Data under study below:

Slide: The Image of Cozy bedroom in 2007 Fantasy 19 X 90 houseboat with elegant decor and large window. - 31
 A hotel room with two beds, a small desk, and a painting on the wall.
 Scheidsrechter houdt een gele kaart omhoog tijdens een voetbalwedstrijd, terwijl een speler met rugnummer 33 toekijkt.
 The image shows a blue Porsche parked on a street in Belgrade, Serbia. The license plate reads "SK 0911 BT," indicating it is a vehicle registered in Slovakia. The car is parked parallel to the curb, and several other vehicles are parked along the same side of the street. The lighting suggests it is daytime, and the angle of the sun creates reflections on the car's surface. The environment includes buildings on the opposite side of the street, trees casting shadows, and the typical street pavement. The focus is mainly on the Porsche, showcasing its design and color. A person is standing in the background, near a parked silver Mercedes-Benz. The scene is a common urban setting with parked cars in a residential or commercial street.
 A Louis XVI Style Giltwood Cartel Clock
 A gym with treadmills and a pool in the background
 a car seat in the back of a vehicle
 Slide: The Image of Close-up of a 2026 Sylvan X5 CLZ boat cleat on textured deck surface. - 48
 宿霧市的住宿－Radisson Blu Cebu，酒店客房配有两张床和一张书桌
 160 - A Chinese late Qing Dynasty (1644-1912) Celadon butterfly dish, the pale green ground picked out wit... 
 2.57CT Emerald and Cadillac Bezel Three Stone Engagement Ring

End of Data under study.

• Problem details
Output the lines from the one with "A Louis XVI Style Giltwood Cartel Clock" to the final line of the entries above, exactly as they stand, please, and nothing else.

• Completed task
 A Louis XVI Style Giltwood Cartel Clock
 A gym with treadmills and a pool in the background
 a car seat in the back of a vehicle
 Slide: The Image of Close-up of a 2026 Sylvan X5 CLZ boat cleat on textured deck surface. - 48
 宿霧市的住宿－Radisson Blu Cebu，酒店客房配有两张床和一张书桌
 160 - A Chinese late Qing Dynasty (1644-1912) Celadon butterfly dish, the pale green ground picked out wit... 
 2.57CT Emerald and Cadillac Bezel Three Stone Engagement Ring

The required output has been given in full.